Pero, ¿qué fue la Nueva Narrativa? lejos de las explicaciones aprendidas de manual (toda respuesta aprendida de manual sirve para no hacerse cargo de los problemas fundamentales de una discusión), este fenómeno no fue solamente un acontecimiento editorial en el que los nuevos autores de los 90 escribieron obras en un lenguaje neutro, asimilable e internacionalizable, con arreglo a las nuevas lógicas mercantiles y de libre mercado que abrazaba Chile. La Nueva Narrativa fue y es al día de hoy una forma específica de comprender la literatura, que se desentiende de los nuevos viejos monstruos, contenidista y grandilocuente, cuya idea de lo político, aunque quisieron despercudirse siempre de lo político en lo estético, respondía a posiciones automatizadas del vínculo entre literatura y realidad. No por nada, estos autores pusieron como protagonistas en sus novelas a jóvenes lozanos, frugales, arriesgados, que disfrutaban de las bondades de un país en democracia y abierto a lo nuevo. Por sus páginas había discotecas, sexo casual y todo un mundo cool. Fue una literatura en su mayoría obcecada con lo nuevo, que pensaba que el viejo mundo era tan viejo que no valía la pena hacerse cargo estéticamente de él, de sus discusiones políticas y sus monstruos. Este fenómeno literario consideraba que si el mundo les mostraba una realidad, la literatura debía retratar en su contenido esa realidad. Todo esto, salvaguardado por movidas editoriales que utilizaban todo tipo de adjetivos para promocionar sus textos. Adjetivos que cada cierto tiempo anunciaban la publicación, por fin, de la gran novela chilena de la vuelta a la democracia.

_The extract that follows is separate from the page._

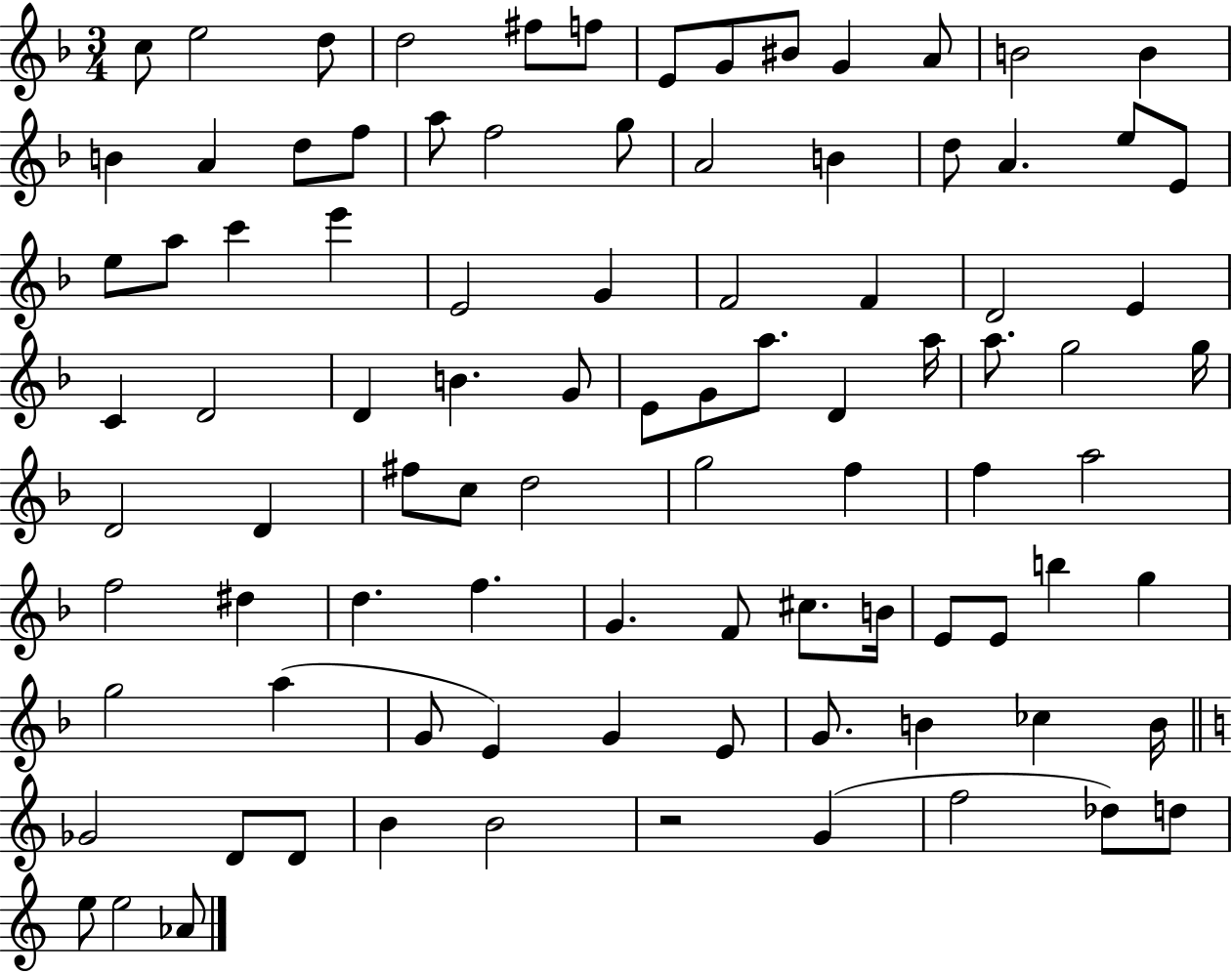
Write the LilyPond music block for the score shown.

Estoy pintando con trazo grueso un fenómeno que merece un análisis más exhaustivo. Sin embargo, lo que quiero demostrar con esto es que, desde los 90 hasta nuestros días, las condiciones que hicieron posible la aparición de la Nueva Narrativa como discurso, lejos de desaparecer, siguieron vigentes. Es cierto que hoy existen editoriales independientes (¿independientes de qué?, se preguntará Damián Tabarovsky) que han permitido la publicación de escrituras estéticamente arriesgadas, escrituras no siempre atractivas para los números y las ganancias. Pero este hecho cohabita y hasta a veces encuentra su aliado en un discurso literario obsesionado con lo nuevo, que no teme en ocupar cualquier lucha política para vender, que no duda en utilizar la palabra “política” para promocionar sus textos, y que (y esto es lo principal) sigue pensando en la literatura como una cuestión de contenidos más que de formas estéticas contrahegemónicas. Que López Aliaga no haya sido capaz de observar esto y se haya comprado el discurso del nuevo mundo es exclusivamente responsabilidad suya. De nadie más.
La Nueva Narrativa es el chivo expiatorio (el significante) que utilizan escritores y críticos literarios que estaban convencidos que el nuevo mundo había llegado para siempre. Un chivo expiatorio, claro está, que expía las propias responsabilidades de lectura y diagnóstico fallido del campo literario. Como ayer, como en la Nueva Narrativa, un número no menor de escritores, lectores y críticos siguen creyendo que la literatura debe referirse directamente a lo que pasa en lo social y en la historia, como si la literatura no fracasara, a menudo, cada vez que ha intentado hacer eso. Beatriz Sarlo, siguiendo a Raymond Williams, en un artículo publicado en Punto de vista se refiere a este problema: el vínculo entre literatura y política (de hecho, el artículo se titula Literatura y política, así tal cual). Sarlo encuentra, en su pesquisa, que la mejor literatura política que se escribió en su país es aquella que se refiere de manera oblicua a la realidad, la que llega a la realidad de forma torcida. Y pone de ejemplo a Nadie nada nunca de Juan José Saer: una novela de peones, campesinos y caballos, donde no hay revolucionarios ni políticos ni mucho menos palabras como dictadura o lucha armada, pero que, sin embargo, por su modo de narrar, por su sintaxis completamente alejada del tono seco y marcial de las órdenes militares, y por el constante estado de amenazada que mantiene al lector en vilo, como un cifra del estado psicológico colectivo de una Argentina en dictadura, puede ser considerada la mejor novela política del periodo.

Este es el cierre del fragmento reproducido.